If you've practiced the value approach for any time at all, you've certainly suffered the pain of buying an undervalued stock -- only to see it fall further.
And that's entirely apart from those times you or I are wrong about making the purchase in the first place.
One of the benefits of reading -- and reading some more and then still more -- is coming across wise words that remind us to keep focused on the long term:
Charles Brandes, founder of Brandes Investment Partners, said in his
book Value Investing Today, that short-term periods of underperformance
are part of the investing process.
"Don't expect to achieve financial success overnight. There will be periods when stocks aren't performing well. That is when patience becomes especially important to your long-term success."
Value investors commonly buy companies that are considered cheap because they are unpopular with the investing public, or the marketplace is over-reacting to negative events affecting the company.
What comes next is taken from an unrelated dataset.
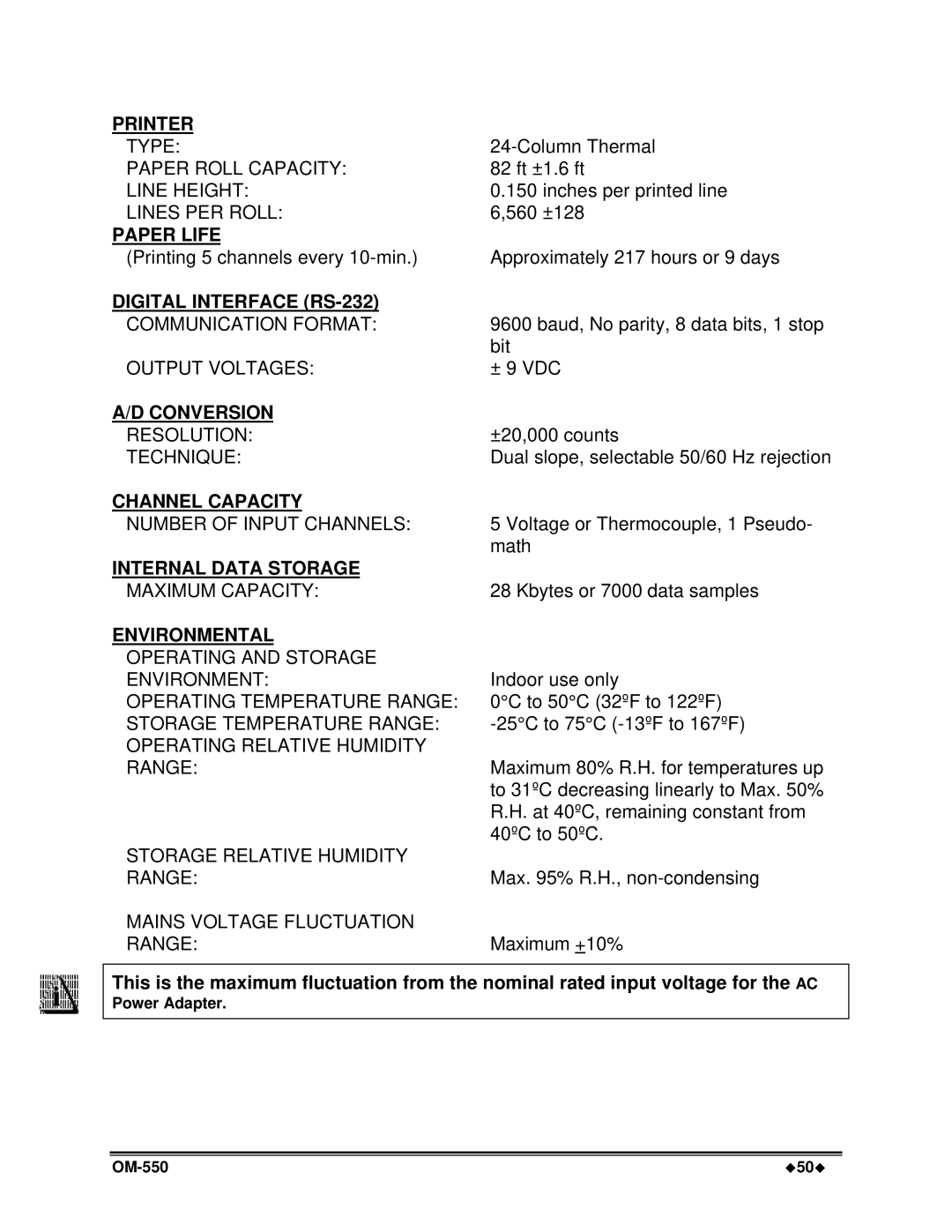Omega Vehicle Security OM-550 Printer, Paper Life, Digital Interface RS-232, Conversion, Channel Capacity, Environmental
Sometimes, after a value manager buys an undervalued company, its stock price drops even further. But they believe this decline further increases the margin of safety, providing investors with a great opportunity to buy more at a discounted price.
What it also does, in the short-term anyway, is negatively affect performance.
Regular readers know I suffered shorter term losses in stocks like Deckers and General Motors and Fairfax Financial before they turned out winners. Deckers closed out so that was a winner for certain. GM and Fairfax could become losers yet, but I seriously doubt it. Let's see what the future holds for -- you guessed it -- my two Japanese consumer lenders. Plus Mueller Water and Media General.